Forscher der Universität Hohenheim unterstützen kleine Betriebe, die sich eine eigene Entwicklungsabteilung nicht leisten können. Das Ziel: traditionelle Lebensmittel zu erhalten – wie zum Beispiel den getrockneten Pfifferling als Zutat für Suppen und Eiscreme.

Stuttgart - In der Schweiz gibt es getrocknete Früchte, in Spanien allerlei Leckereien aus Oliven. Die Griechen trocknen gerne Pilze, Italien kennt schier unendlich viele Arten an Pasta, und am Bodensee werden die Felchen auf besondere Art geräuchert. Traditionelle Lebensmittel gibt es überall. Meist werden sie von kleineren Firmen hergestellt. Doch deren Kapazitäten sind beschränkt – gerade für Forschung und Innovationen haben sie meist nicht die nötigen Mittel. Kommen dann noch strenge Auflagen hinzu, etwa durch EU-Vorgaben, sind die Traditionsunternehmen oft überfordert. Im Vergleich zu Lebensmittelgiganten wie Nestlé oder Unilever haben sie das Nachsehen. Doch mit jeder Insolvenz eines Traditionsbetriebes verschwindet eine besondere Köstlichkeit aus den Lebensmittelregalen Europas.

 

„Gerade die kleinen und mittleren Unternehmen im ländlichen Raum brauchen Unterstützung“, sagt Susanne Braun. „Sonst gibt es überall bald nur noch die Massenprodukte.“ Als Lebensmitteltechnologin kennt sie die Produktionsabläufe in der Nahrungsmittelindustrie; mit ihrem zweiten Hintergrund als Expertin für europäische Wirtschaft weiß sie aber auch wie schwer es ist, in Zeiten EU-weiter Regelungen ein Produkt erfolgreich anzubieten.

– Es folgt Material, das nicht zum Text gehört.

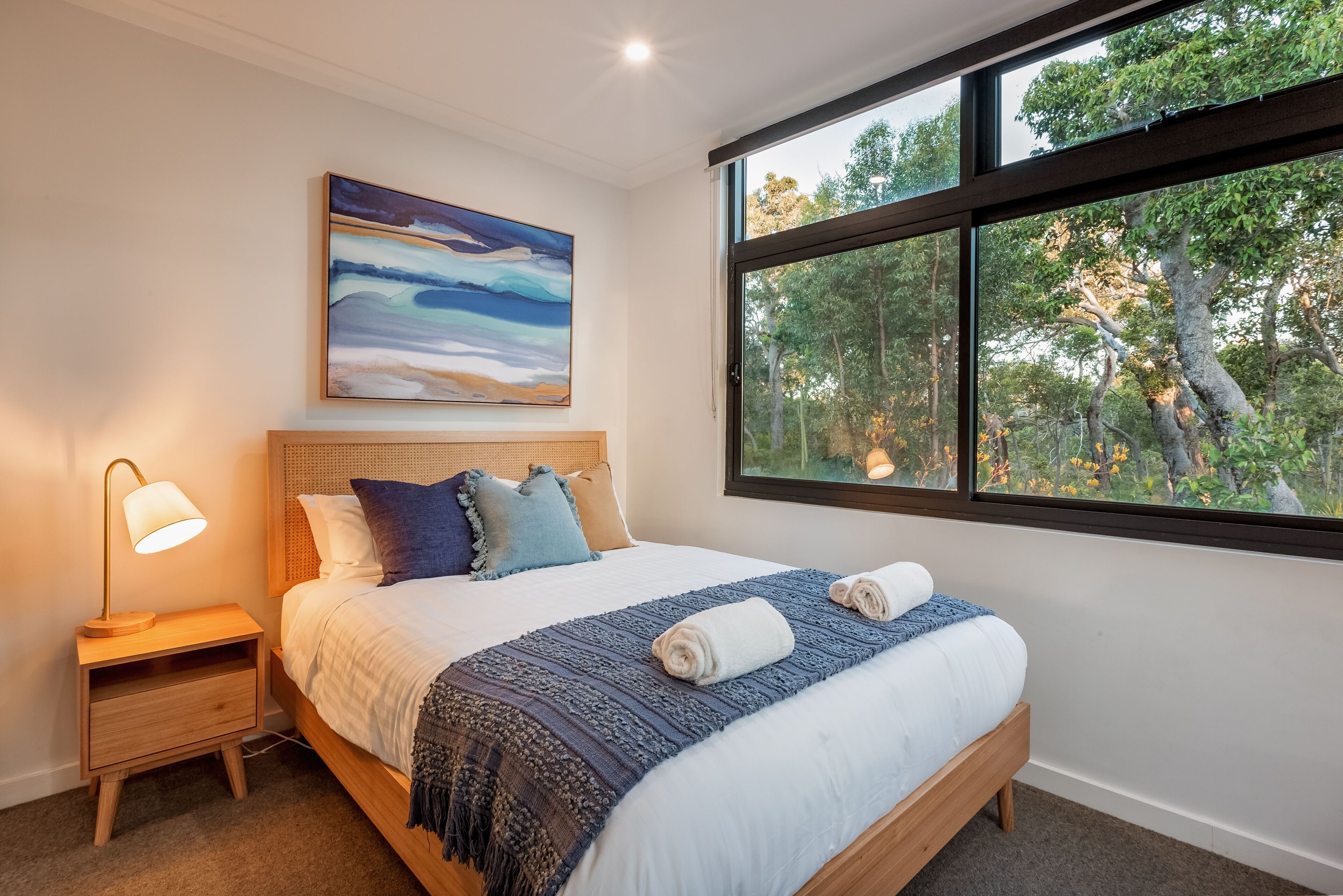 A bedroom with a large window, a bed with a blue blanket, a nightstand with a lamp, and a painting on the wall.
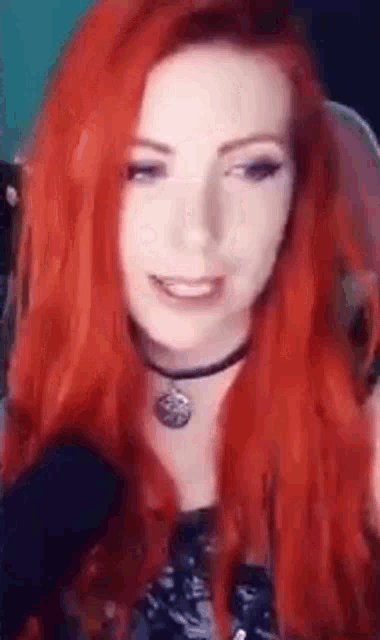 a woman with red hair is smiling and wearing a choker necklace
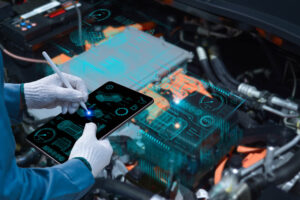 Auto mechanic using a tablet wireless scanning tool to check th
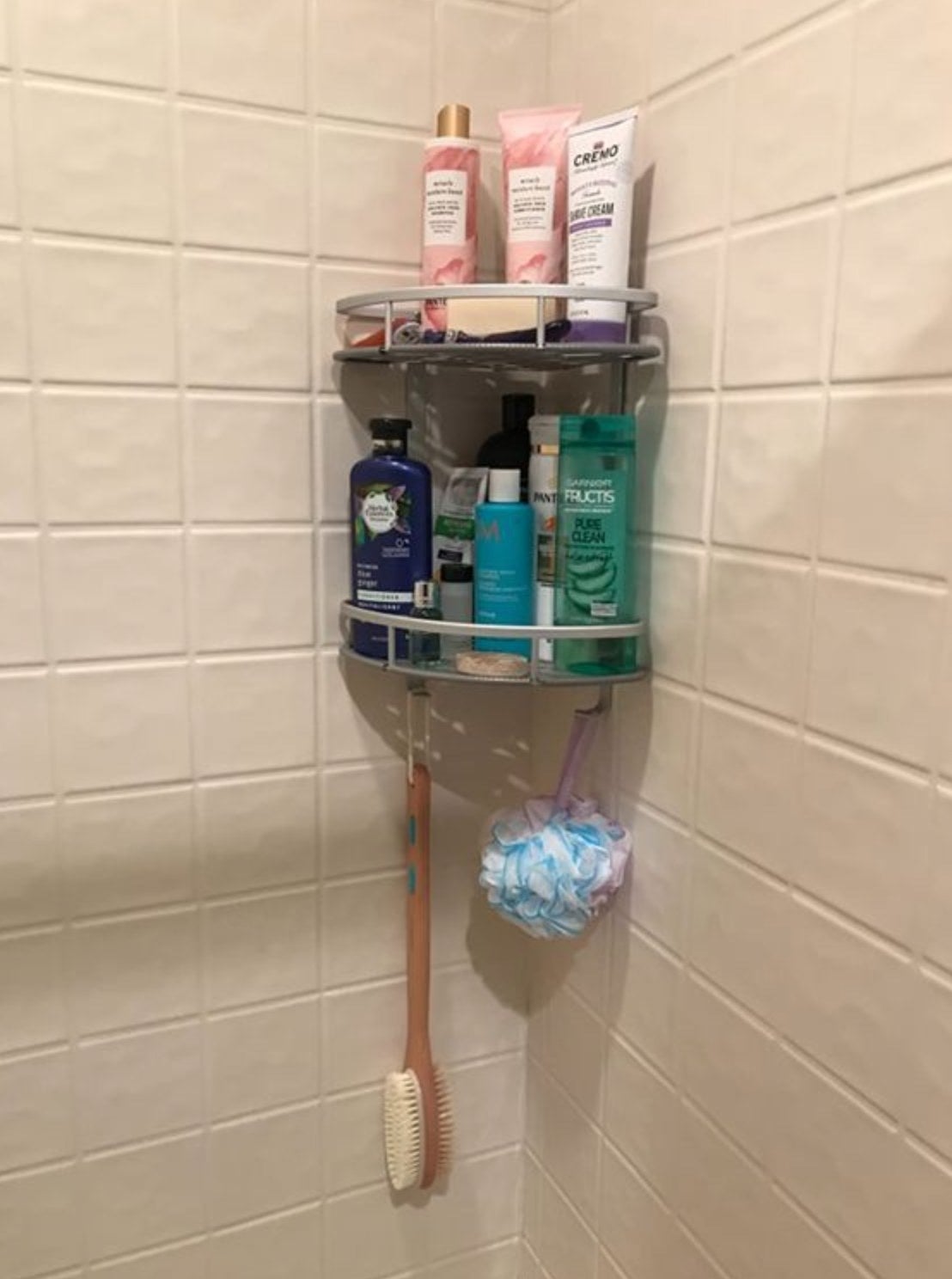 A shower caddy hanging inside a shower space.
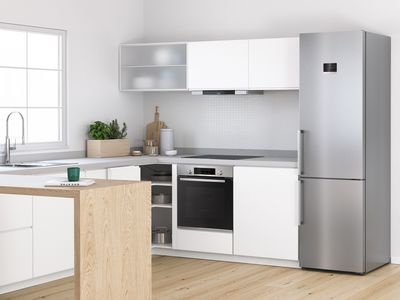 Samostojeći hladnjak sa zamrzivačem od nehrđajućeg čelika u svijetloj, modernoj kuhinji.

Aus diesem Grund baut sie am Institut für Agrartechnik der Universität Hohenheim derzeit ein einzigartiges Netzwerk auf, um diesen Unternehmen zu helfen. Das Trafoon-Projekt (die Abkürzung leitet sich aus den Worten „Traditional Food Network“ ab) soll das bieten, was die Branchenriesen in millionenschweren Entwicklungsabteilungen leisten, den Kleinen aber unmöglich ist: Produktionsabläufe optimieren, rechtliche Vorgaben umsetzen, Qualitätsstandards sicherstellen. Das Ziel ist, eine vielfältige Palette an traditionellen Lebensmitteln zu erhalten – durch eine hohe Wirtschaftlichkeit der Produzenten und eine hohe Qualität der Produkte.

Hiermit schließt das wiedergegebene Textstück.